Collected data
((
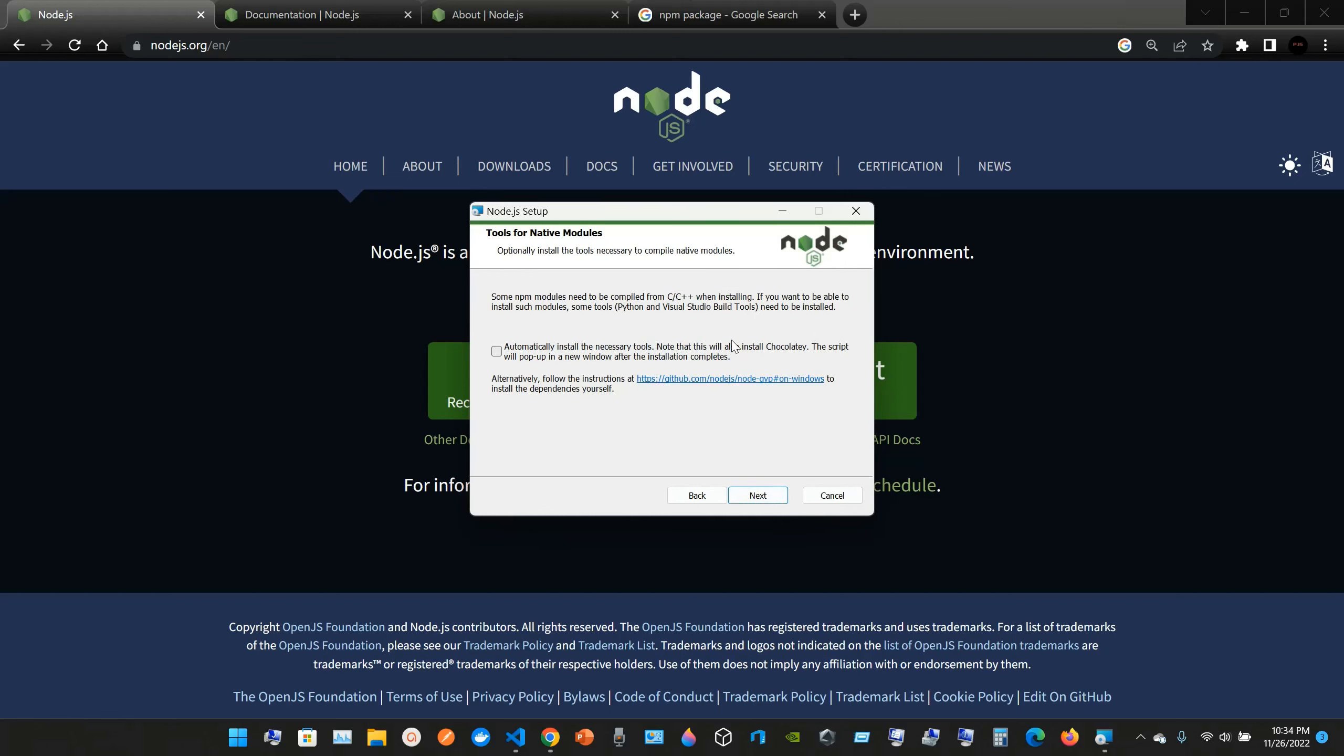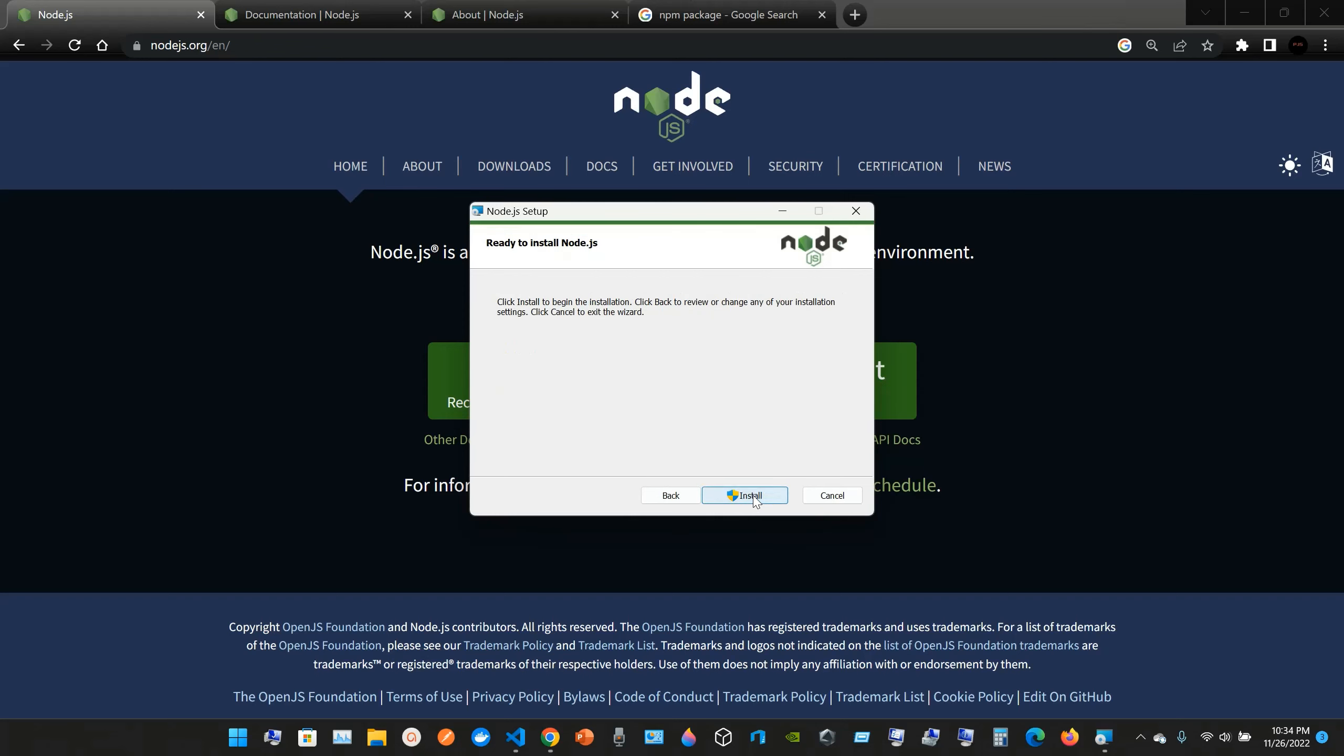Automatically install the necessary tools. This script will pop up in a window after the installation completes. You can check this box to automatically install the necessary tools. This will help to make your Node work better. So we're going to check it and install it.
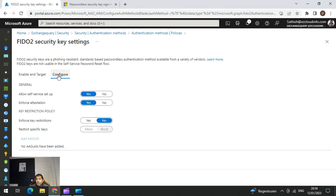This metadata service provides information about the certification status of authenticators, and if there are any security issues they will be reported to Microsoft. Organizations deploying FIDO authentication can use this information to select specific certification levels required for compliance, and work through security notifications to ensure effective incident responses. It's recommended to turn this on. There is also 'Enforce Key Restrictions' — you can turn this on if you want to allow only certain FIDO keys by adding their AAD GUIDs, which restricts users to a certain type of key series.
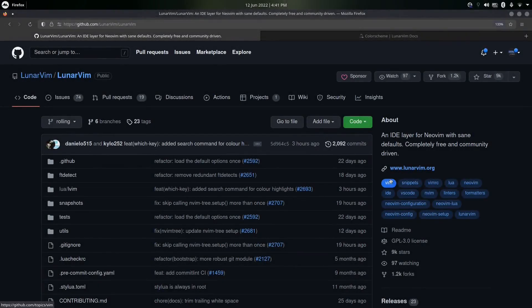Hello everyone and welcome to another video. In this video I'm going to be talking about LunarVim. LunarVim is not really a completely new editor — it is basically NeoVim with an IDE layer, meaning you're going to get a lot of autocompletion features and linting. NeoVim by default doesn't have all of these things, so it's better to use a distribution like LunarVim, NvChad, or any other editors based on NeoVim.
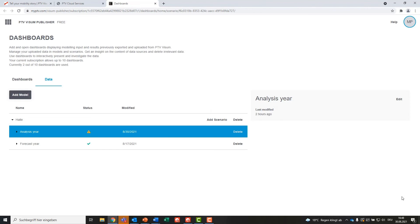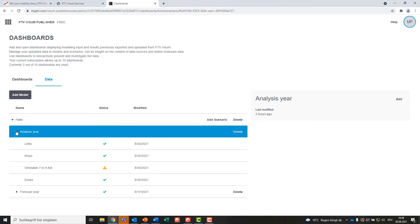In the Data tab in Visum Publisher, you can check out all available data. As you can see, we have data in the Model Halle available for Scenario Analysis Year and Forecast Year. That's about it for uploading and managing your data.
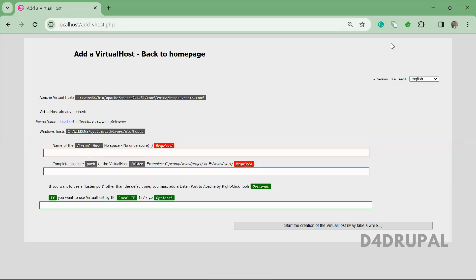Hello everyone, welcome to the D4Drupal channel. Today we are going to see how to do a multi-site setup in Drupal. Multi-site setup means we will have the same code base but different databases for each site. First, we need to have a domain for each site.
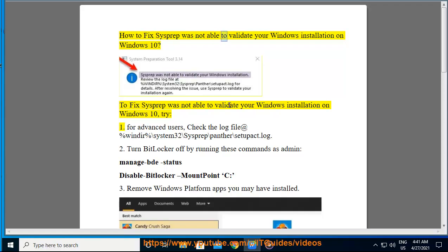How to fix Sysprep was not able to validate your Windows installation on Windows 10.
))
• **What you need to do**
Every line from the one containing "Hello everyone, welcome" through the last line of the data, both included, is to be repeated exactly; the pictures are to be left out.

• **Solved exercise**
Hello everyone, welcome to the D4Drupal channel. Today we are going to see how to do a multi-site setup in Drupal. Multi-site setup means we will have the same code base but different databases for each site. First, we need to have a domain for each site.
How to fix Sysprep was not able to validate your Windows installation on Windows 10.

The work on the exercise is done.